Work request: Exactly the lines from the line that has "Sospeso Trasparente Kit" through the final line below are to be retyped, and the pictures are not.

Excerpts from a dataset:
++++++++
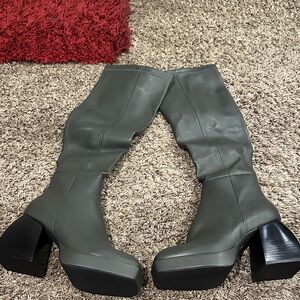 Jeffrey Campbell Tan Over the Knee Boots with Black Heel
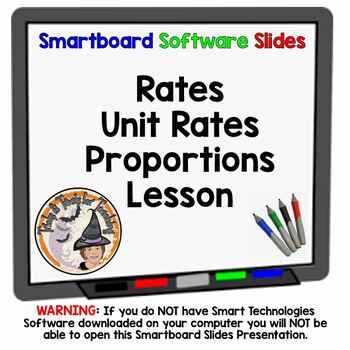 Preview of Rates Unit Rates Proportions Smartboard Slides Lesson with Answers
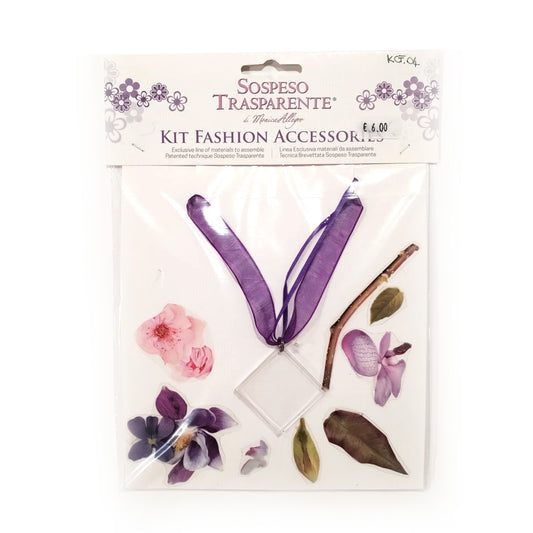 Sospeso Trasparente Kit Collana Viola con Pellicola Stampata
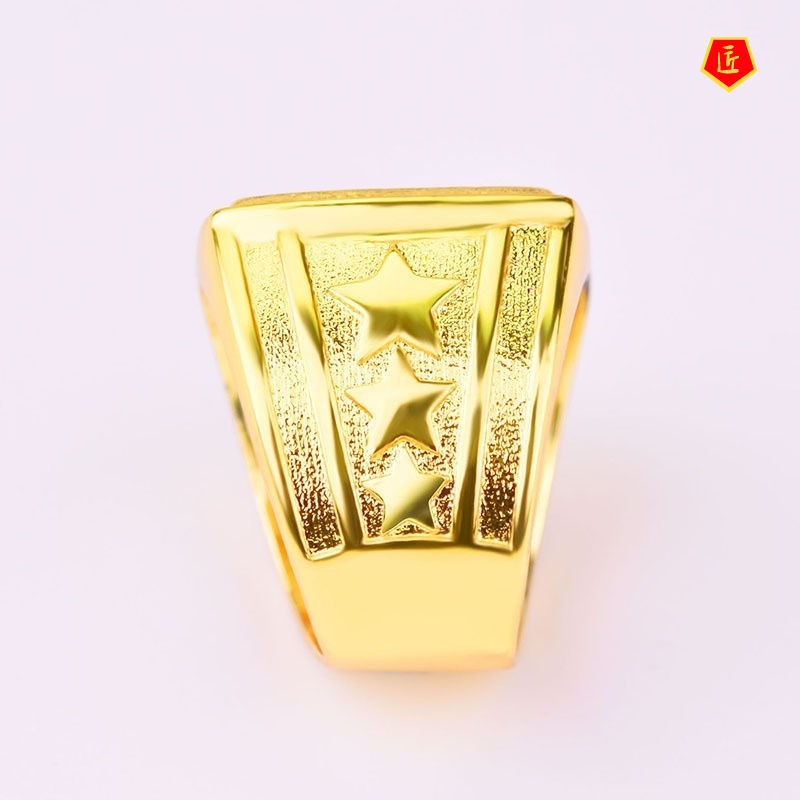 [Ready Stock]Creative Personality Men's Gold Ring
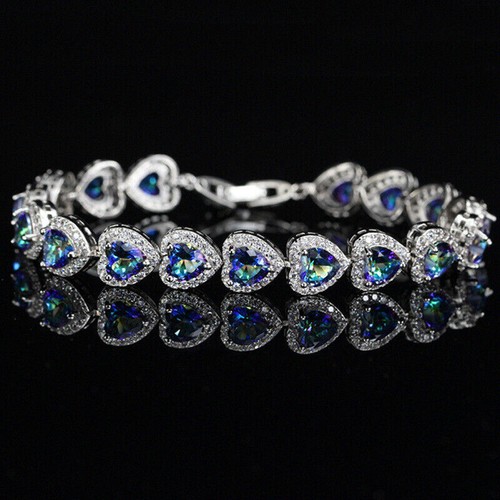 New Blue Mystic Topaz Love Heart Shape Gemstone Charm Girl Women Silver Bracelet - Picture 6 of 6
++++++++
Answer box:
 Sospeso Trasparente Kit Collana Viola con Pellicola Stampata
 [Ready Stock]Creative Personality Men's Gold Ring
 New Blue Mystic Topaz Love Heart Shape Gemstone Charm Girl Women Silver Bracelet - Picture 6 of 6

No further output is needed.